The course of the disease is not invariable. Certain animals may appear ill for years without clinically showing the least apparent aggravation; others on the contrary, though living under similar conditions, are rapidly attacked, and in six to twelve months exhibit all the signs of advanced phthisis. Pregnancy, suckling, and prolonged lactation favour the development of the disease by taxing the physical resources of the animal.

Animals suffering from phthisis exhibit a peculiar appearance. They are extremely thin, all their soft tissues are wasted, the limbs are dragged in moving, respiration is rapid and sometimes jerky, the mucous membranes are pale and discoloured, and the skin is tight and adherent to the subjacent tissues.

These general signs, however, would not warrant a diagnosis, for, apart from the cough, certain other diseases present all the external appearances of the last period of tuberculosis (chronic diarrhœa, chronic forms of poisoning—bacterial or otherwise—dyspepsia, etc.).

In cases of doubt it is essential to discover by percussion and auscultation that the external signs are really the result of lesions of the lung, and that the lung disease has developed gradually in accordance with the signs shown by simple external inspection.

The symptoms presented during the development of the pulmonary lesions may be divided into three phases.

In the first phase percussion gives no information, though auscultation reveals rough respiration, inspiration and expiration being also unequal. Expiration, which, in the healthy subject, is silent, becomes clearly perceptible, not over the whole lung, but usually over the anterior lobes, particularly the cardiac lobes. This sign is the result of tuberculous infiltration and of the neighbouring pulmonary tissue having lost its elasticity.

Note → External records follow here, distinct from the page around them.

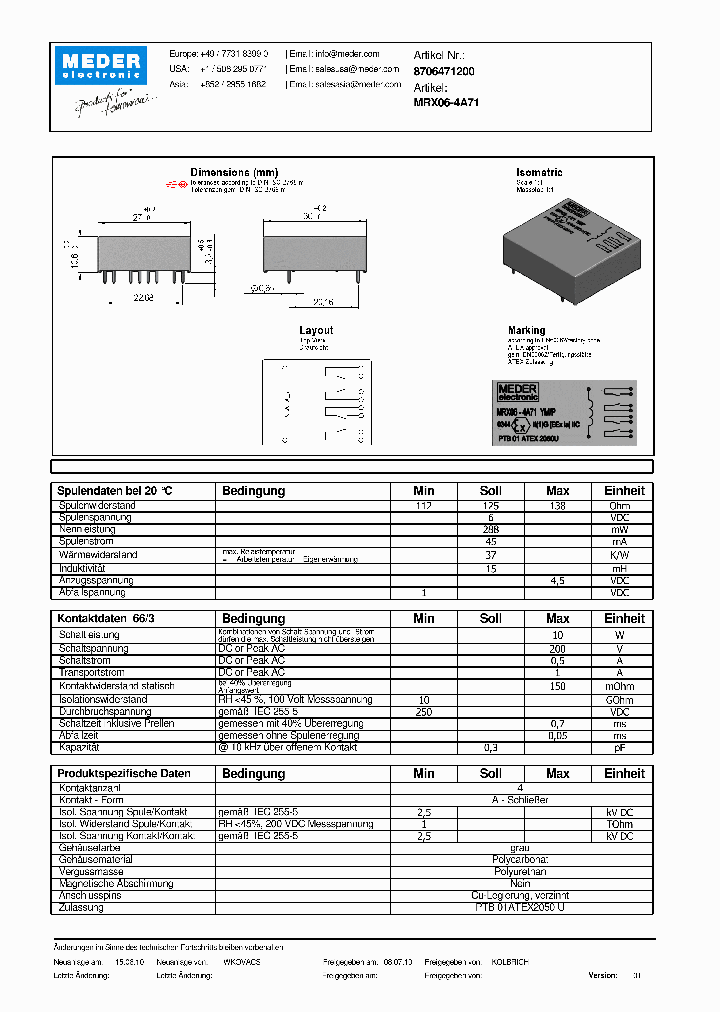 MRX06-4A71DE_3096554.PDF Datasheet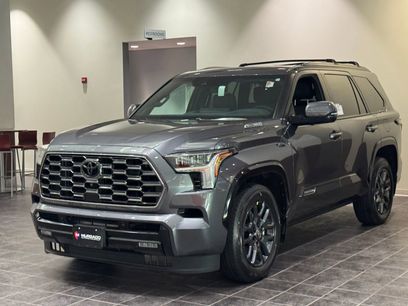 New 2026 Toyota Sequoia Platinum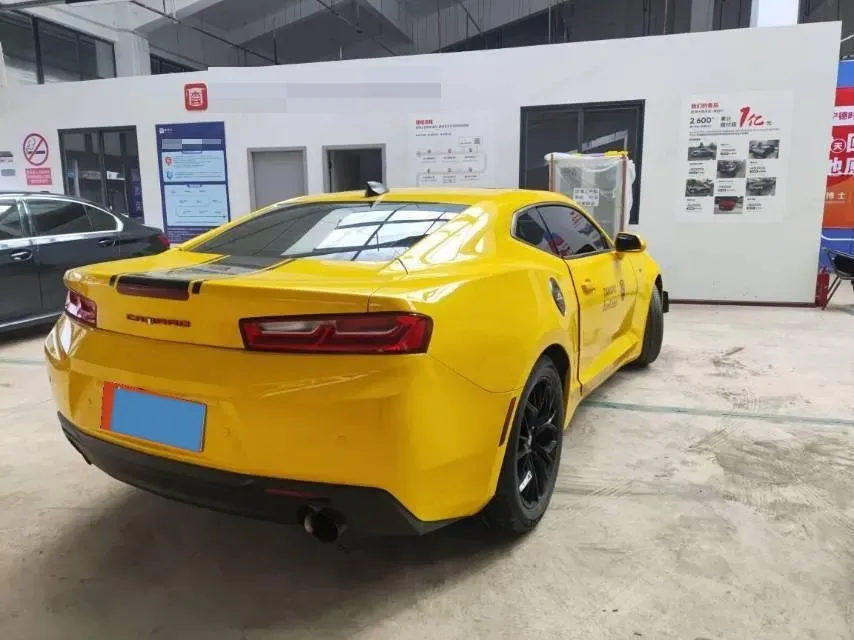 2016 Saleen Comaro 6.2L 450HP V8 6AT,autocango,china used car exporter,china ev exporter,chinese used car exporter,chinese used ev exporter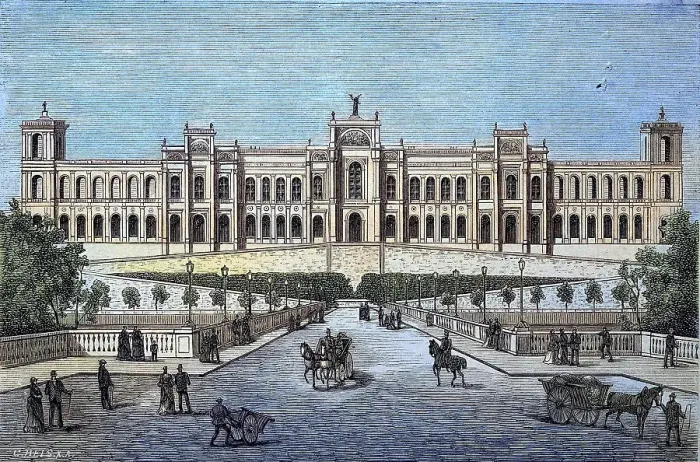 Framed Print : The Maximilianeum in Munich, Bavaria, Germany, reproduction of an image, woodcut from the year 1881, digitally restored, Historical, The Maximilianeum in Munich, Bavaria, reproduction of an image, woodcut from the year 1881, digitally improved Framed Print : The Maximilianeum in Munich, Bavaria, Germany, reproduction of an image, woodcut from the year 1881, digitally restored, Historical, The Maximilianeum in Munich, Bavaria, reproduction of an image, woodcut from the year 1881, digitally improved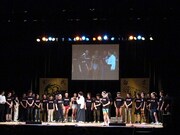 エンディングの様子。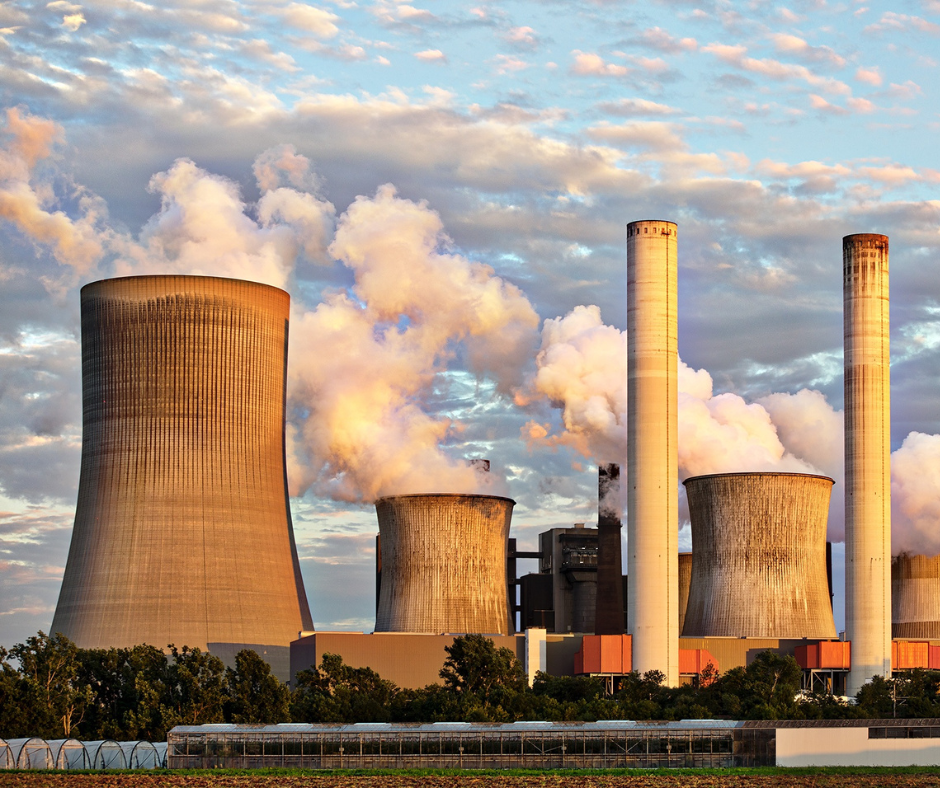 Proactive power plant maintenance at a nuclear site.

Inspiration is rough and rasping, and sometimes occurs in several stages, the act being interrupted or jerky; expiration lasts longer than inspiration, is rough and prolonged, but never blowing in character. These peculiarities are only found in one other condition of the lung, viz., emphysema.

The patients appear little affected in this, the first, stage of tuberculosis. But for the cough they may seem perfectly healthy.

In the second phase the tuberculous infiltration extends and ends in the massing, by fusion or centrifugal growth, of the tuberculous masses.

Percussion may now indicate localised dulness, but this is not invariable, because the diseased anterior and middle lobes of the lung are concealed beneath the muscles of the shoulder. When dulness is noted, it is usually over the lower part of the posterior lobes, very rarely at any higher point on the side of the chest. Frequently the dulness is only partial.